## Your assignment
Could you print all the entries below exactly as they appear, omitting the pictures?

[Captioned web images]
Content starts

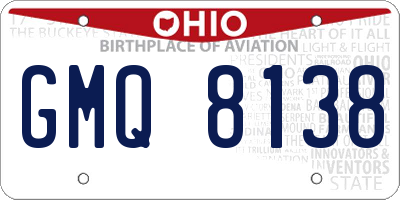 OH license plate GMQ8138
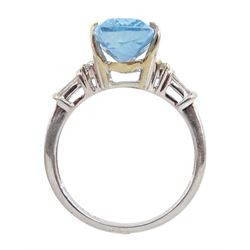 18ct white gold aquamarine ring, with round and baguette diamond shoulders, hallmarked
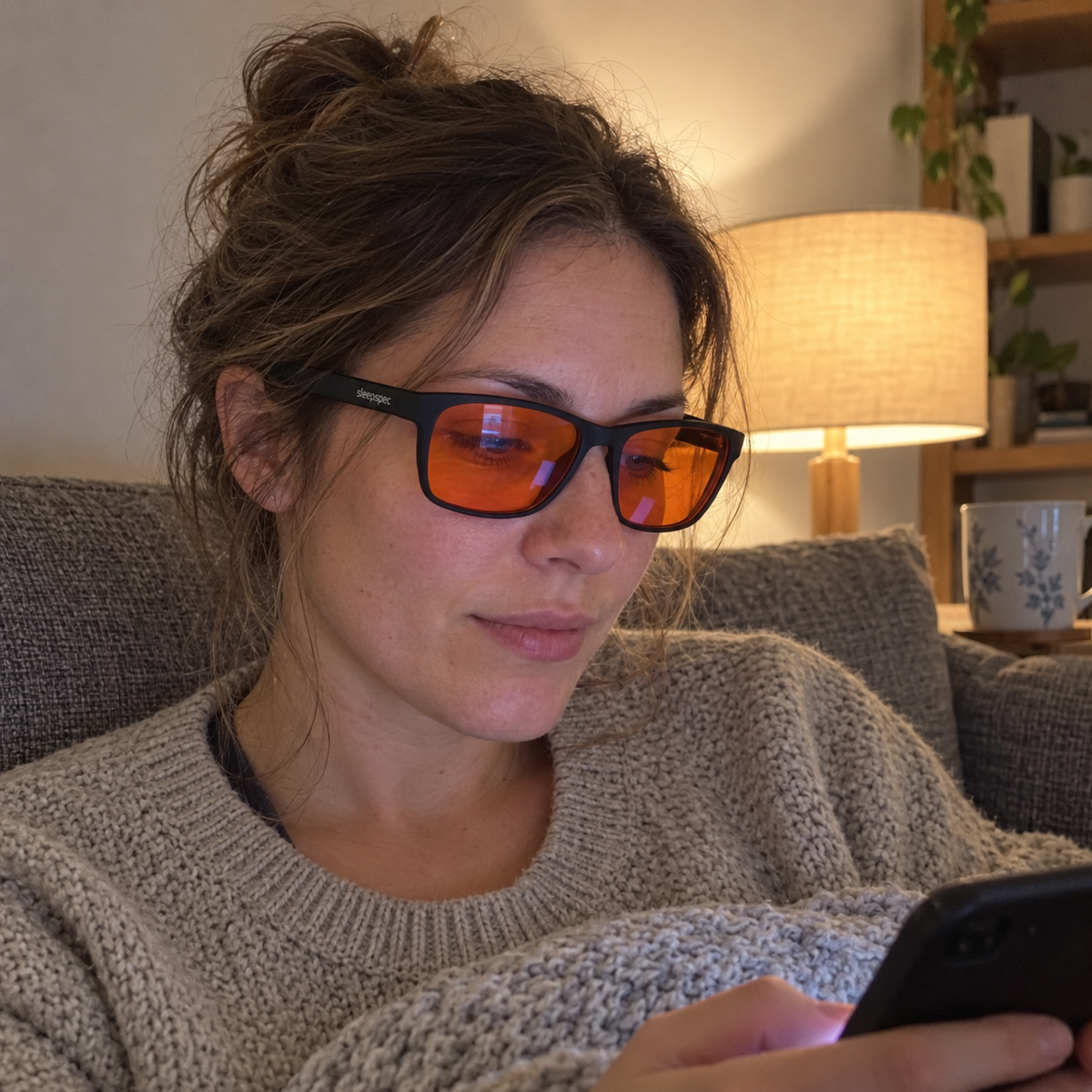 	A woman on a sofa in the evening wearing SleepSpec deep-amber glasses while looking at her phone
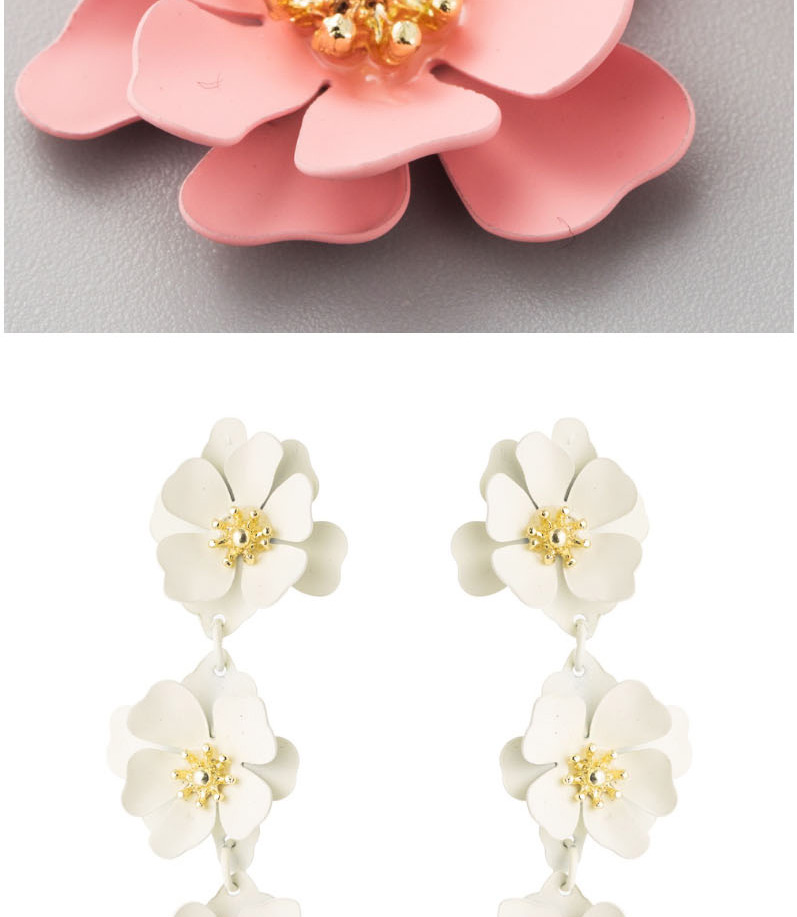 Fashion White Flower Long Metal Earrings,Stud Earrings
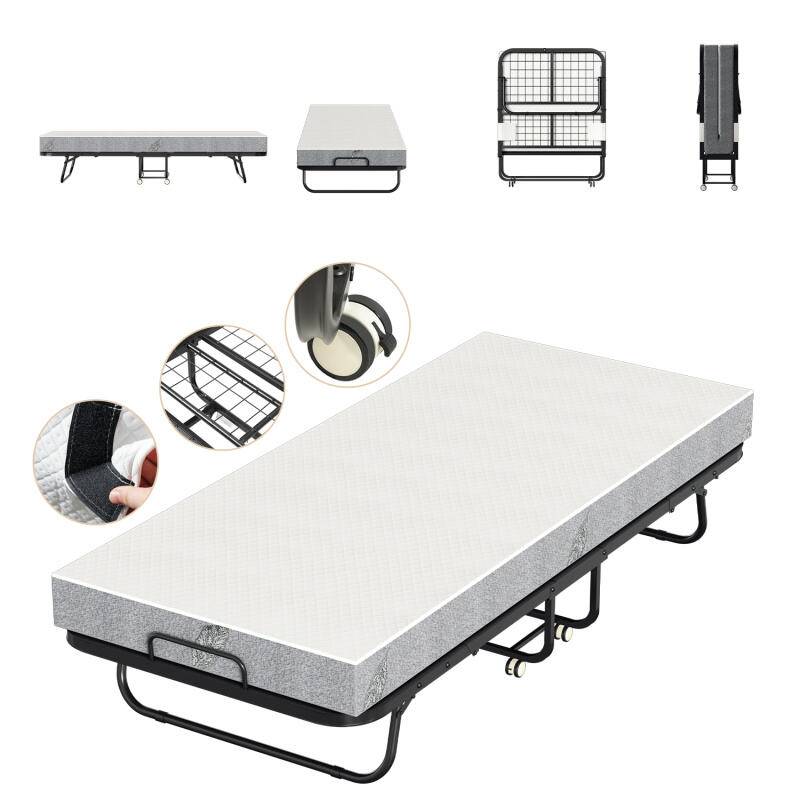 90x200cm Gästebett Klappbett mit Matratze und Schutzhülle bis 150kg, auf Rädern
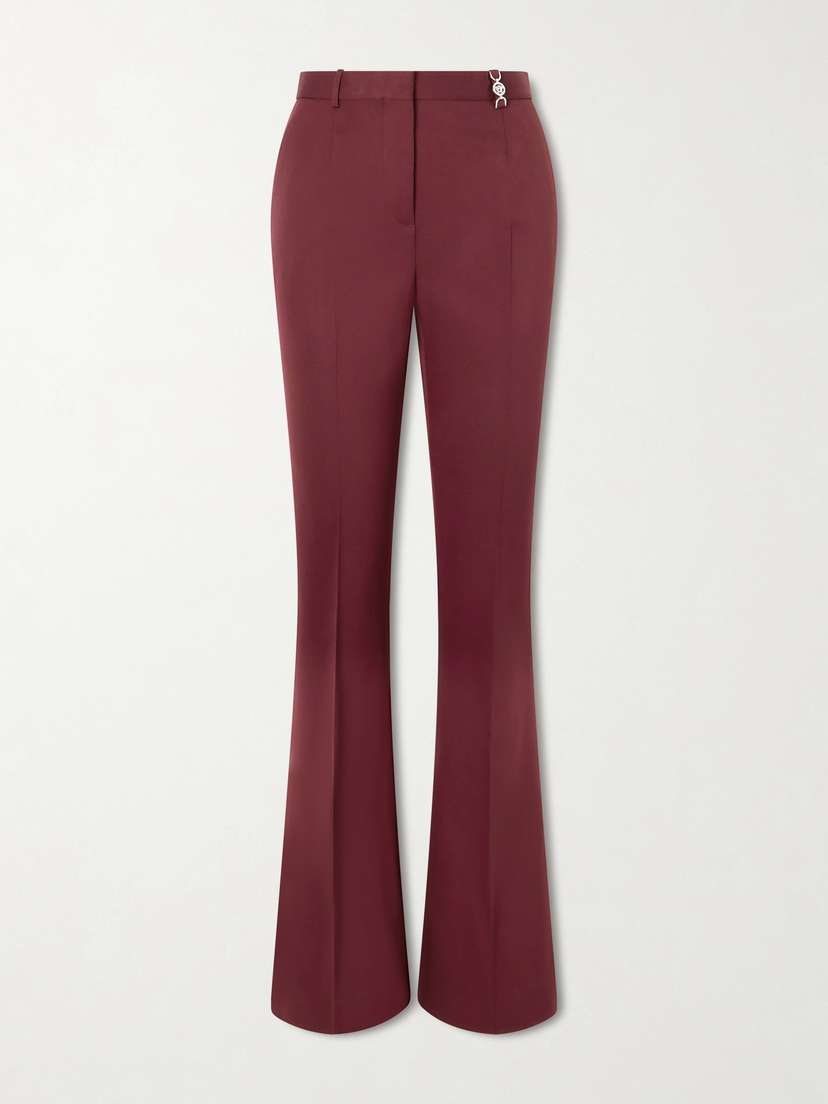 Versace Embellished Stretch-wool Flared Pants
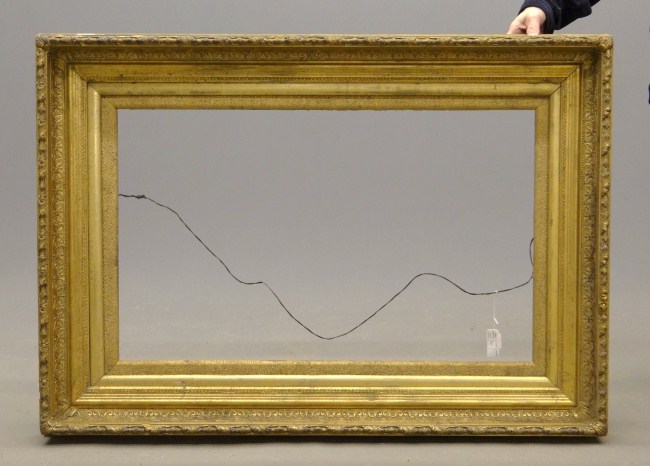 19th c. gilt and gesso frame. Takes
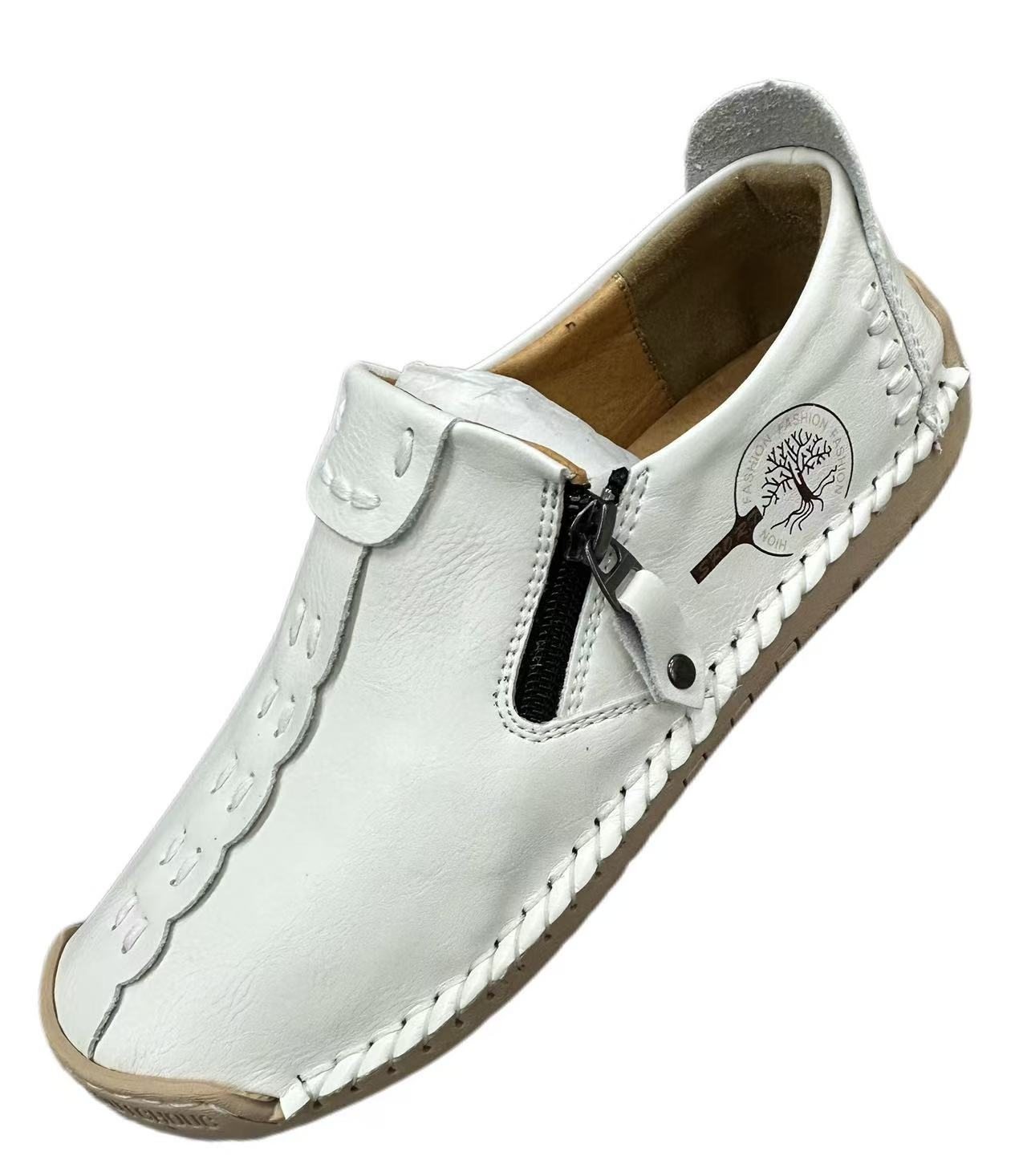 

New Spring and Autumn Slip-on Casual Shoes for Men, Plus Size, Hand-stitched Business Leather Shoes 48 білий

Content ends

## Task solution
 OH license plate GMQ8138
 18ct white gold aquamarine ring, with round and baguette diamond shoulders, hallmarked
 	A woman on a sofa in the evening wearing SleepSpec deep-amber glasses while looking at her phone
 Fashion White Flower Long Metal Earrings,Stud Earrings
 90x200cm Gästebett Klappbett mit Matratze und Schutzhülle bis 150kg, auf Rädern
 Versace Embellished Stretch-wool Flared Pants
 19th c. gilt and gesso frame. Takes

New Spring and Autumn Slip-on Casual Shoes for Men, Plus Size, Hand-stitched Business Leather Shoes 48 білий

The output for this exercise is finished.